> **Problem**
The required output is the exact run of lines in the listing below from the line holding "Shaggy koberce - Chesley" through the line holding "Gebraucht Mazda 3", with no pictures.

> **Exercise data**
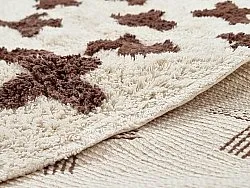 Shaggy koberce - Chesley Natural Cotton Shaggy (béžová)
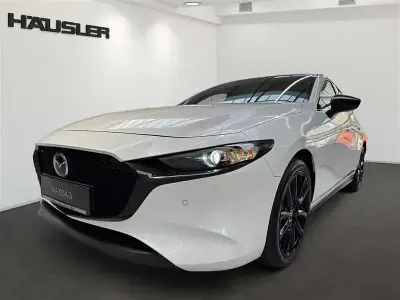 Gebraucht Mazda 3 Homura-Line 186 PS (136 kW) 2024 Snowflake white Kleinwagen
...
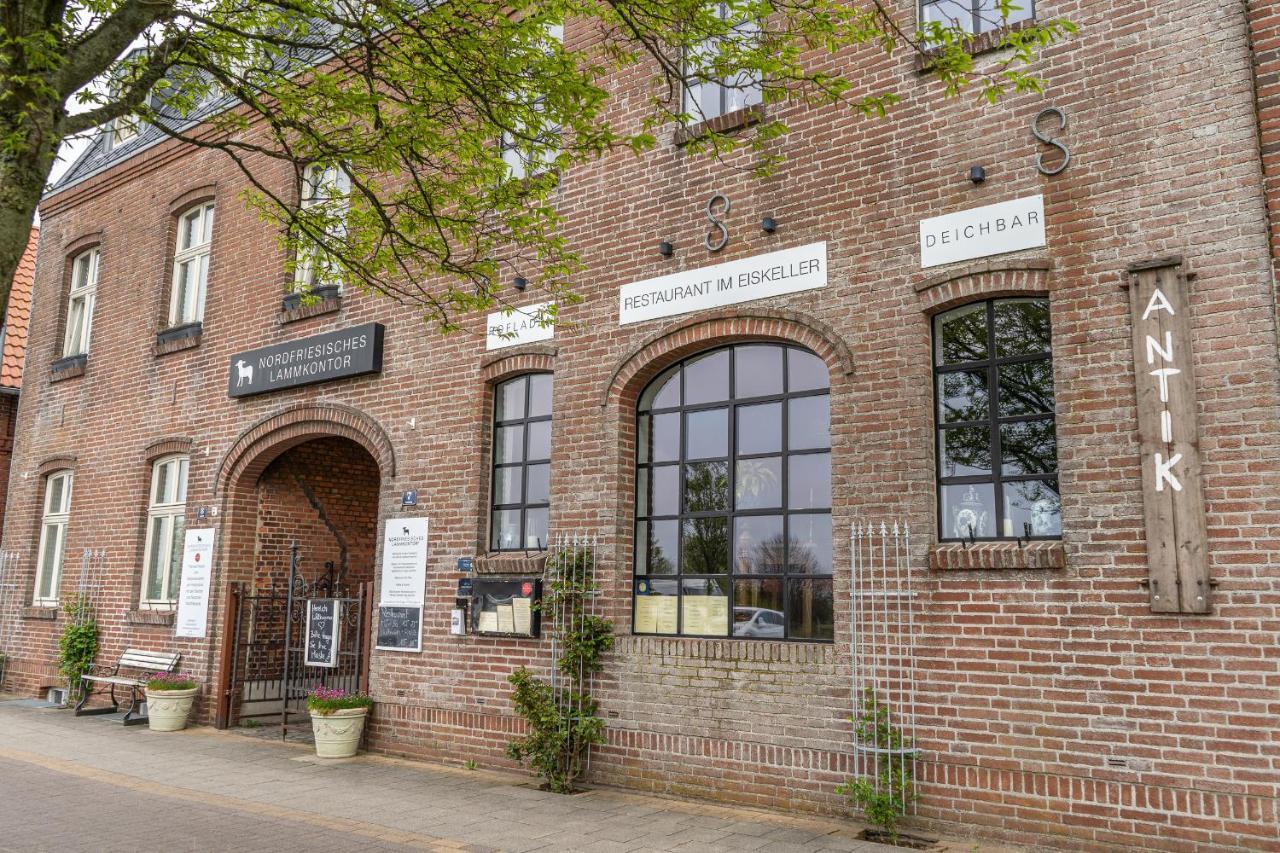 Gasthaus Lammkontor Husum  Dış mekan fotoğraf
...
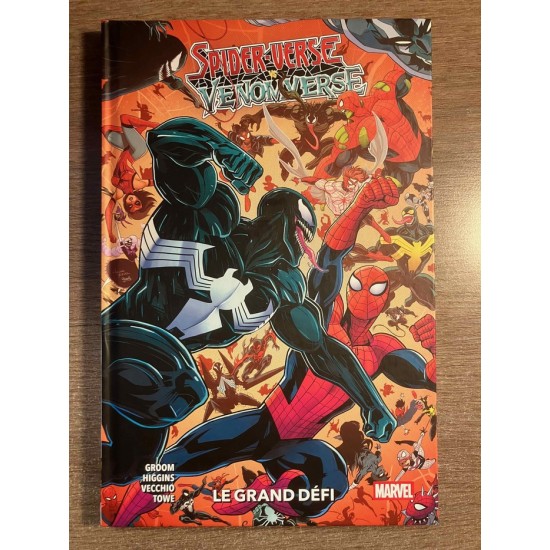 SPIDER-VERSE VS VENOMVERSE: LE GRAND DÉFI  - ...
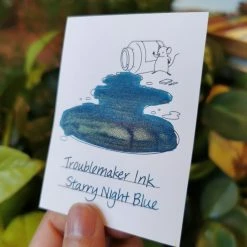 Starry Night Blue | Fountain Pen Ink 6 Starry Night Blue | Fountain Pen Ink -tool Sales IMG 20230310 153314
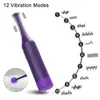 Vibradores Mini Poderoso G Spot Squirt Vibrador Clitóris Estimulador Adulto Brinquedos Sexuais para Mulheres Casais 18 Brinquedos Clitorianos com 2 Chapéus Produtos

> **Written answer**
 Shaggy koberce - Chesley Natural Cotton Shaggy (béžová)
 Gebraucht Mazda 3 Homura-Line 186 PS (136 kW) 2024 Snowflake white Kleinwagen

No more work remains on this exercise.